Une absence de représentation figurative est remplacée  par une représentation codifiée. L'absence de représentation figurée orienta sensiblement l'art, la culture, l'architecture arabo-musulmane. Ce qui peut expliquer le goût pour la calligraphie, un style architectural plus épuré qu'en Occident, une plus grande sensibilité artistique pour l'harmonie des formes géométriques. Concernant le sunnisme, on connaît des épisodes iconoclastes dans le passé, dirigés par exemple contre les images chrétiennes sous les umeyyades.



Aniconisme et iconoclasme sont deux interdits basés sur des sources différentes.
Une intégration profonde de l'image figurative dans les pratiques religieuses musulmanes chiites est largement répandue. En effet, les portraits d'Ali et de Husayn sont omniprésents dans la vie quotidienne, que ce soit sous forme de peinture, de pendentif etc.
La création d'image représentant le prophète Mohammed a été d'ailleurs autorisée par une fatwa du grand ayatollah Sistani un temps soi peu si celles-ci demeurent respectueuse.
De plus, contrairement aux tombes sunnites, les sépultures chiites peuvent afficher l'image du défunt.

L'usage de l'image varie selon la sphère privée ou la sphère publique.
C'est une dichotomie aux frontières mouvantes. Cette dichotomie entre les sphères du public et du privé, pour ce qui est de l’utilisation de représentations figuratives, s’était déjà développée à l’époque umayyade. La décoration de mosquées avec des représentations d’arbres, de vignes et de fruits tant à Damas qu’à Médine, fut contrebalancée par l’utilisation de sculptures, de peintures et de mosaïques dans les riches résidences privées. Cet art figuratif utilisé dans les palais au début de l’Islam doit beaucoup à l’expression gréco-romaine qui était largement répandue, certains éléments étant tirés du répertoire de l’art sāsānide.
Le statut religieux de l'image demeure incertain si l'on compare le message divin et les hadiths. Il n’existe pas d’interdiction ḳurʾānique concernant la peinture ou les autres arts figuratifs, mais il semble que des réserves sur leur légalité aient été émises dans la littérature théologique à partir de la fin de l’époque umayyade ou du début de l’époque abbāside. Des ḥadīt̲h̲ largement répandus font état de la répugnance qu’ont les anges à entrer dans une maison qui contient une peinture et prédisent au muṣawwir (le dessinateur) une sévère punition lors du Jour du Jugement où il devra répondre de son incapacité à donner vie aux créatures qu’il aura représentées. Il existe cependant des ḥadīt̲h̲ opposés qui restreignent la portée de ces interdictions, tels que celui qui décrit la façon dont le Prophète ordonna la destruction de toutes les images situées dans la Kaʿba à l’exception d’une représentant la Vierge et l’Enfant. Certaines objections religieuses semblent provenir de l’aversion pour l’idolâtrie, mais d’autres traduisent la crainte que les images ne possèdent des pouvoirs quasi magiques.

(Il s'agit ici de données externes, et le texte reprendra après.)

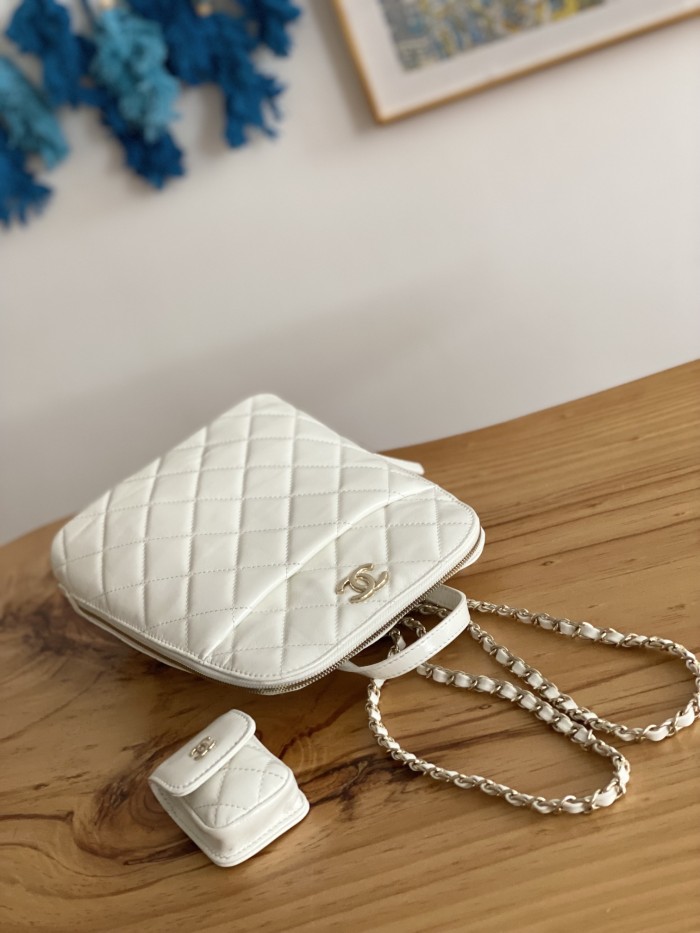  Handbag  Chanel 3332  size  21*23*8* cm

La pratique de l'art figuratif va différer selon les régions.
L'acceptation de l'image en dehors des textes religieux et du message divin s'est fait à travers d'autres écrits. La Perse fut la région où la peinture trouva l’accueil le plus favorable, en particulier durant la période post-mongole lorsque le patronage des peintres devint une caractéristique habituelle de la vie de cour. Le texte arabe illustré le plus important fut le Maḳāmāt d’al-Ḥarīrī, ses illustrateurs ayant fait appel à leurs dispositions et expériences personnelles pour créer des images révélant de nombreuses facettes de la vie en ʿIrāḳ. Le courant visant à illustrer les textes littéraires arabes atteignit aussi le Mag̲h̲rib. Le roman de Bayāḍ et Riyāḍ est connu grâce à une version illustrée d’Afrique du Nord ou d’Espagne du VIe/XIIe siècle ou VIIe/XIIIe siècle.

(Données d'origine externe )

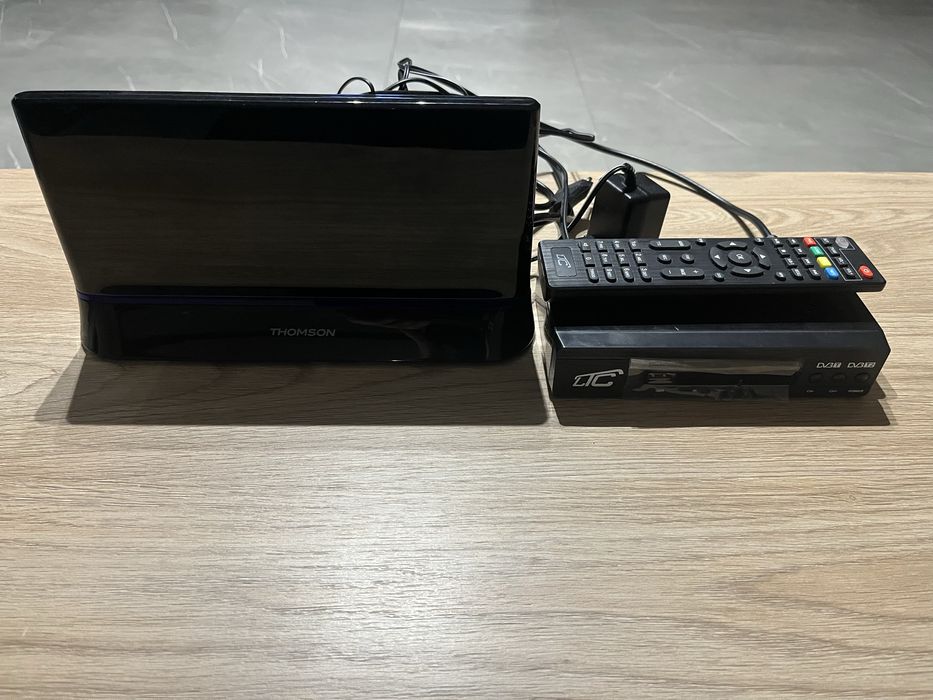 Zestaw wzmacniacz antena THOMSON + dekoder z pilotem LTC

Le développement d'une tendance aniconique va influer l'évolution de la figuration. L’approche des peintres dans les cours musulmanes selon les lieux, évolua du fait de l’importance de l’importation de peintures en provenance d’Europe, voire la présence de peintres européens dans les cours royales. L’introduction de la photographie au milieu du XIXe siècle apporta un nouveau critère de vraisemblance qui mina l’approche idéalisée utilisée par les peintres musulmans mettant fin de fait à une tradition singulière.